While hit points represents a character’s ability to withstand damage, vitality is a measure of a character’s actual health and survivability. Your character has a Vitality score equal to 5 + his Constitution modifier.
Whenever you are reduced to 0 hit points by an attack, you are dying, and must begin making Endurance saving throws during each of you turns to attempt to stabilize; each failed saving throw causes you to lose a point of vitality. This means that characters who come back from the dying condition will have slightly less reserves available to them until they spend a day or more resting and recuperating.
Critical hits, the dying condition, and certain particularly grievous attacks can cause damage to your vitality. Whenever your character (or any creature) suffers a critical hit, it automatically suffers one point of vitality damage. If the critical hit deals more damage than the creature's heal value, it loses an additional point of vitality due to the severity of the wound. If the critical hit deals more damage than its bloodied value, it loses yet a third point of vitality.
When your character's Vitality is reduced to 0, any further damage that would reduce their vitality instead deals additional damage equal to their heal value. If a character is out of vitality and hit points, they are dead.
Each point of vitality provides you with one Healing Reserve, which is an expendable resource that represents your ability to push through pain and reinvigorate yourself to keep fighting. Various actions allow you to spend a healing reserve; when you do, you regain hit points equal to your heal value, which is equal to half your bloodied value, rounded up.

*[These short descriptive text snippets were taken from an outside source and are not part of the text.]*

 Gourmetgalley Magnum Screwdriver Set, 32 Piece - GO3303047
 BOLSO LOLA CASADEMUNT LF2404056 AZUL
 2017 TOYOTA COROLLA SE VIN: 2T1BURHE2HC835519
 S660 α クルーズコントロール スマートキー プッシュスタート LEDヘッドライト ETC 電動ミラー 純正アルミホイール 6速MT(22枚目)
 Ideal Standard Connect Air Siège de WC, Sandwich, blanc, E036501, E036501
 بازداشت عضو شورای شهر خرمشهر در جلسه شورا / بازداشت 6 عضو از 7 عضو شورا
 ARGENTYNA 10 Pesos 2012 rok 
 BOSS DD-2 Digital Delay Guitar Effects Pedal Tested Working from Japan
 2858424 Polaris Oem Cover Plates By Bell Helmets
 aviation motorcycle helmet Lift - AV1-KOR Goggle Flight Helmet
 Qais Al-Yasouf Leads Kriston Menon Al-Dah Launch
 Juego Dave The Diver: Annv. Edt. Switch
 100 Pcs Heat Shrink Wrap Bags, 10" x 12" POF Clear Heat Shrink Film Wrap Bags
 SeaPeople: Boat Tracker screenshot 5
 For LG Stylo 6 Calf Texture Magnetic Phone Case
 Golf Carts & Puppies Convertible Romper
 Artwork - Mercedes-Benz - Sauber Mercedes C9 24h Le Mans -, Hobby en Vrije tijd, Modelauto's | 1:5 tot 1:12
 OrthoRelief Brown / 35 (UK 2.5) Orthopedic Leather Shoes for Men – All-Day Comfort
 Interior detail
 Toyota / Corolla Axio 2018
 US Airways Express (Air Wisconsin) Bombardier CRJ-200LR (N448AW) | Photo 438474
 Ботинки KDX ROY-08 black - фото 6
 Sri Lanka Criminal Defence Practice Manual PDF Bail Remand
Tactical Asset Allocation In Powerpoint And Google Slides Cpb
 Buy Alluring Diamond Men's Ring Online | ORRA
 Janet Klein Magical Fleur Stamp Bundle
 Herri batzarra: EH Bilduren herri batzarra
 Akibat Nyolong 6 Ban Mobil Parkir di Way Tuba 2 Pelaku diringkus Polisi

When you take Vitality damage, you also automatically lose any reserves in excess of your new Vitality, which you cannot recover until the Vitality damage heals. If you have already spent more reserves than your current vitality, you do not lose a reserve when you lose vitality - the reserve that you would lose was already spent.
Whenever you take a short rest, you may choose to spend any number of healing reserves, regaining hit points equal to your heal value for each reserve that you spend. If you have per-encounter feats that allow you to regain additional hit points when you spend a reserve, you may use each of those feats once during the Short Rest.
Whenever you take an extended rest, you regain a number of hit points equal to your heal value times your remaining reserves, then regain 1 point of lost Vitality if you have taken any Vitality damage. You then regain all reserves up to your current Vitality.
Optional Rule - Lingering WoundsEdit
Characters who want to play a more gritty game may utilize the following rule for detailed critical hit damage:
Whenever a character suffers one or more points of Vitality damage due to a critical hit, roll 1D20 + the amount of vitality damage lost to the hit, then subtracts the target’s Fortitude defense. Apply the indicated condition (if any) until all of the target’s vitality damage is fully healed.
Roll Result Lingering Wound Effect 0 or lower No Effect 1 to 2 Cannot use main hand 3 to 4 Cannot use off hand 5 to 7 Slowed 8 to 9 Weakened 10 Deafened 11 Blinded 12 Dazed 13 or higher Stunned
Particularly gritty settings may wish to force players to make an Endurance roll during each extended rest in order to regain a point of vitality; a failure means no vitality is regained during that rest, while a critical success means two points are regained, and a critical failure means that one Lingering Wound effect becomes a permanent affliction until healed with high-level magic. One character may make a Heal check once per day to attempt to aid healing; if they succeed, one additional point of vitality is healed, and on a critical success two additional points are regained. A critical failure on this Heal roll should be treated as a critical hit from a weapon, inflicting damage equal to the character’s reserve value.